Friday, March 7, 2008
Depicting Suffering in Art
The Medieval, Rennaissance and Mannerist painters always fascinated me. Death, pain, and suffering was so much a part of their lives and art. Since most people would be lucky to live to be 30, death was probably very present in most people's minds.
Mantegna's painting of St. Sebastian has always stayed in my mind ever since art school. It's both beautiful and disturbing.
Hieronymus Bosch painted amazing and horrifically beautiful paintings depicting Heaven,Earth and Hell.
Parmigianino foreshadows Jesus' death while creating a painting of him in his Mother's arms.

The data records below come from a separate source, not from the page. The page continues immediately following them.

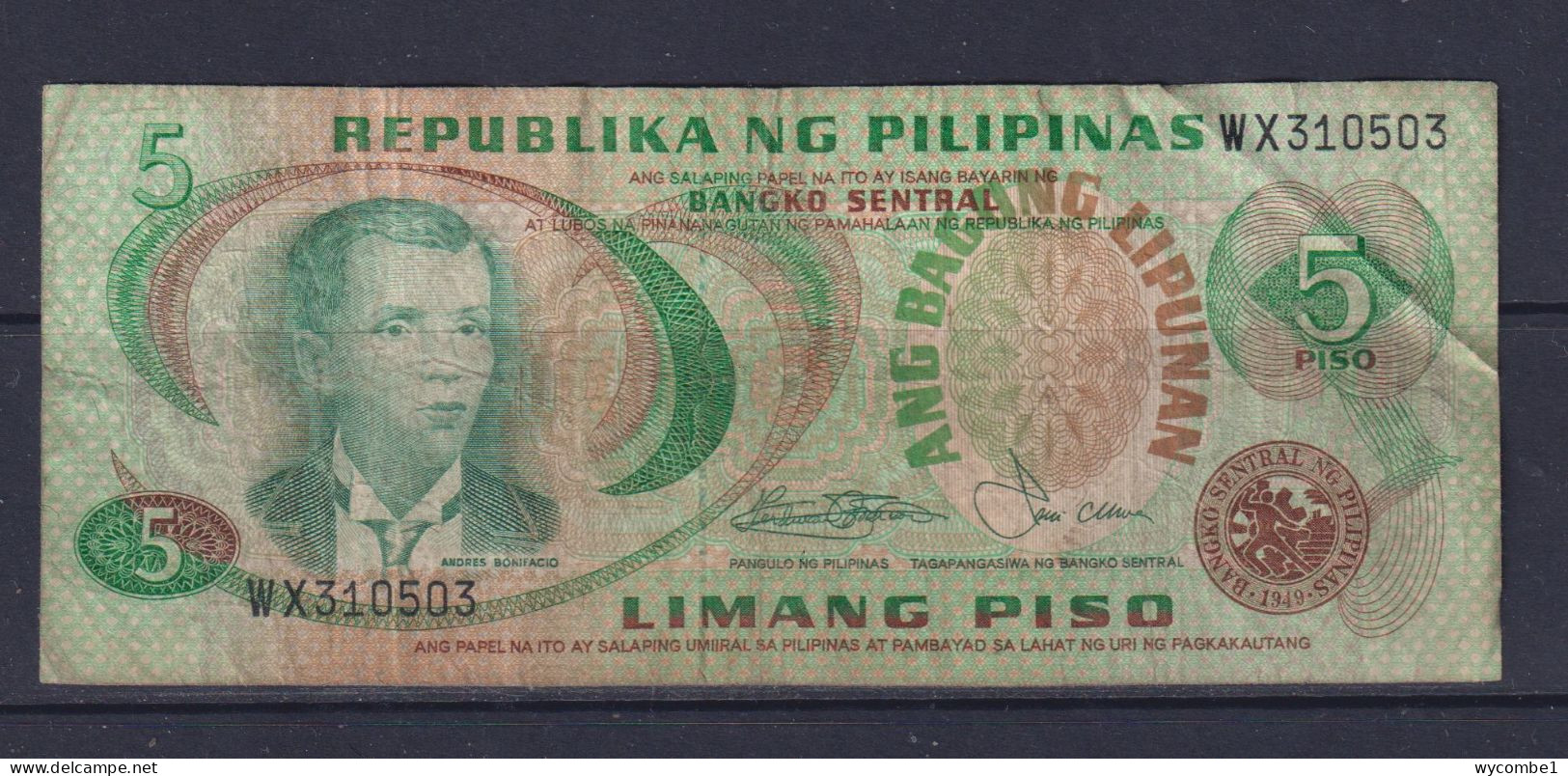 PHILIPPINES - 1978 5 Pesos Circulated Banknote - Philippines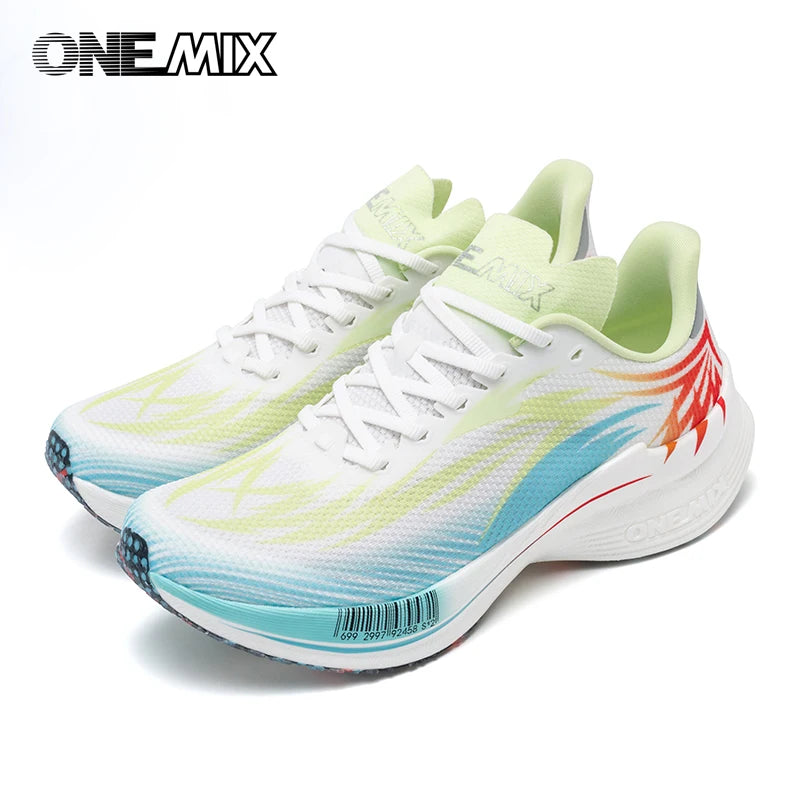 ONEMIX 2025 Carbon Plate Men Women Running Sports Shoes Breathable Cushioning Non-Slip PB Lightweight Rebound Sneakers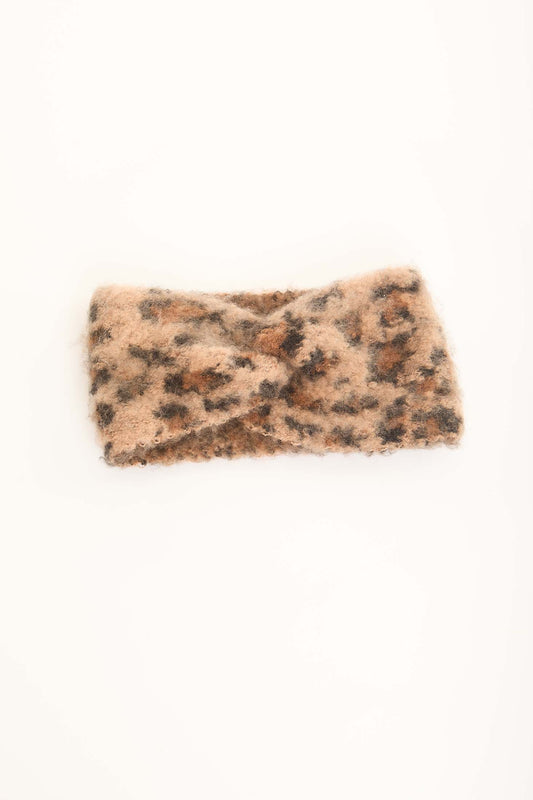 Trendy Leopard Print Fuzzy Headband
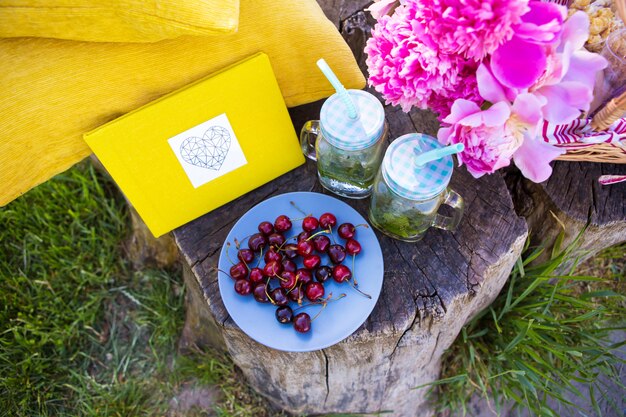 Lichte zomerpicknick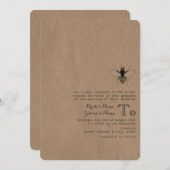 ダ刺激を受けたンボ結婚ール 招待状 (正面/裏面)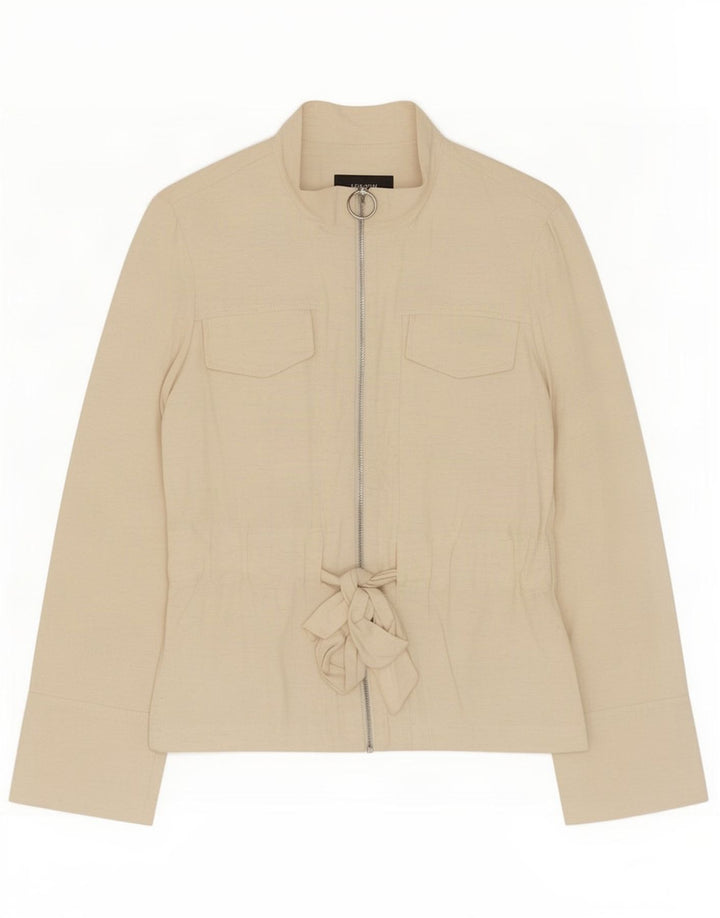Damska marynarka Topshop UK 10 Small, beżowa, nakrapiana wiskoza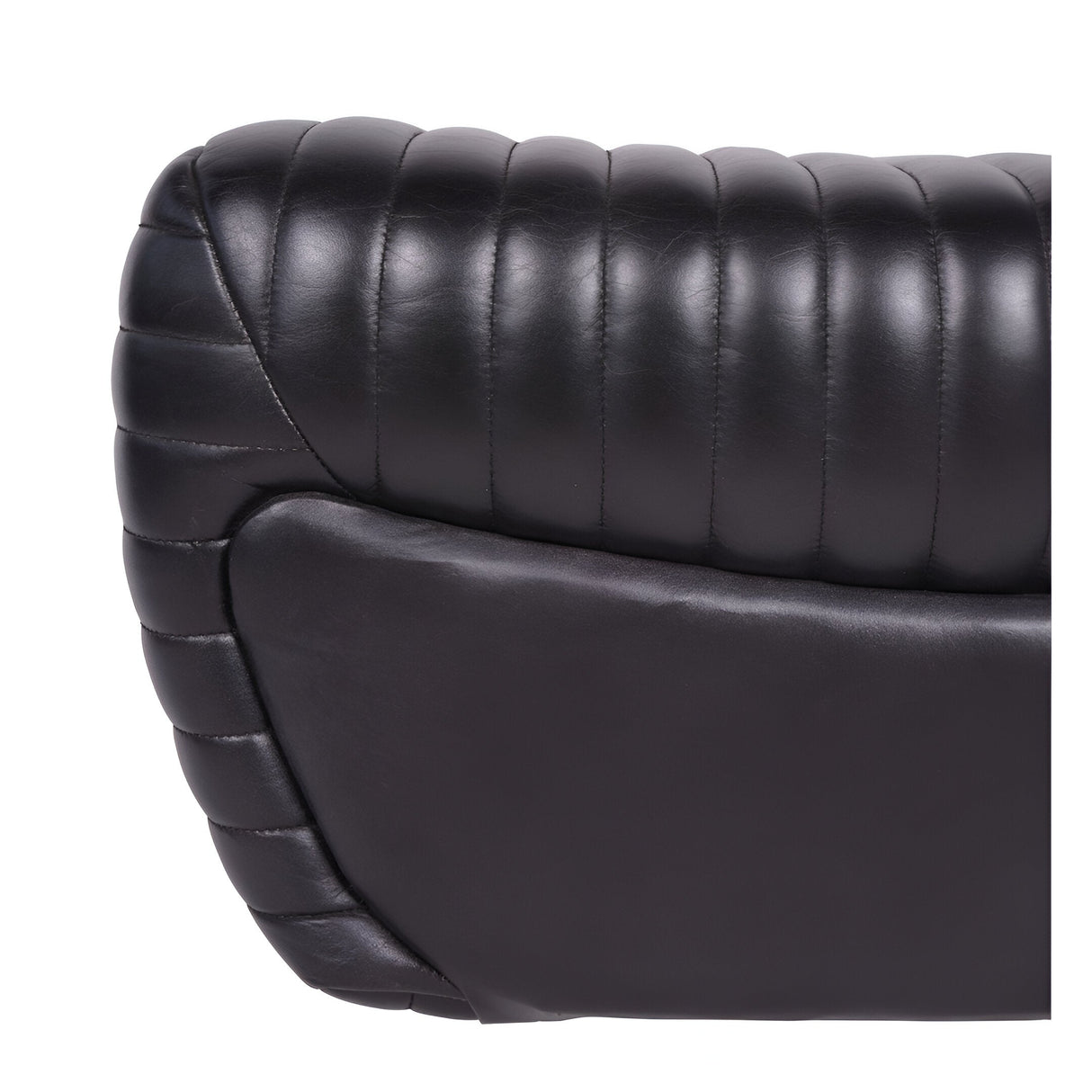 Trinity Leather Occasional Chair - Dark Grey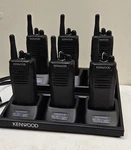 Kenwood NX-340 Uhf Digital Portable Radio Lot Of 6. Fixed Price $500.00.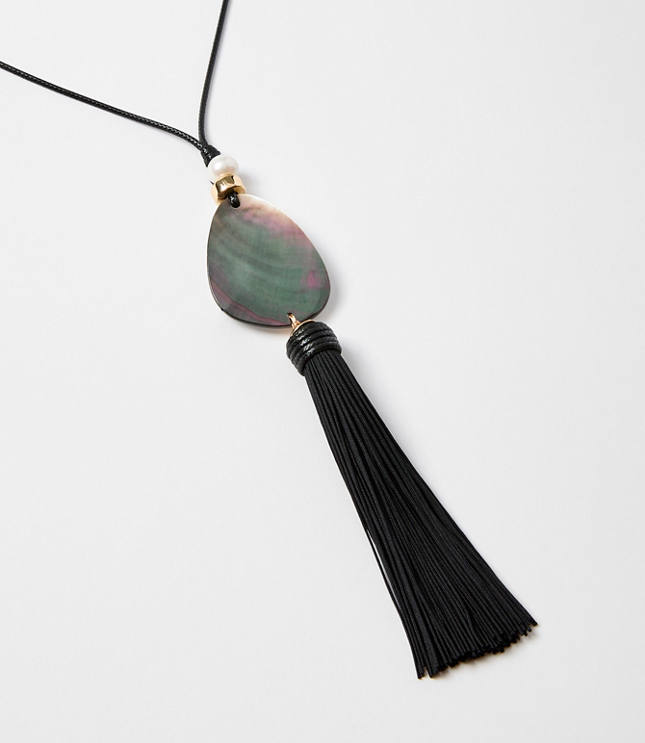 Tassel Pull Tie Statement Necklace carousel Product Image 2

It surprises me sometimes how people who say they like art that depicts reality are fearful of art that shows the darker side of being alive. I too wish life was all sunshine and roses, but unfortunately it's not.
I had such a negative response from other artists when I wanted to create dolls depicting things like physical disabilities. Even finding out that I was disabled didn't take the curse off of it for some people.
I've gotten around this phobia for the most part by creating mythological or magical creatures. Sometimes I feel like I sold out. But at the same time, many of my creatures and figures are now considered beautiful. So maybe I am making a tiny dent into the rigid ideas some people have about what is beautiful.
My most recent foray into pushing the beauty boundary came about when I read an article about a brave little Terrier named George.
The story reminded me of the art I mention above and I decided to portray George in his last moments. I feel such great bravery and love should be commemorated.
I've been pleased that most of the responses to George have been very positive. http://blogs.usatoday.com/ondeadline/2007/05/feisty_jack_rus.html
I'm feeling much braver about creating darker sculptures. Portraying all aspects of being alive like death, fear and pain can be very liberating.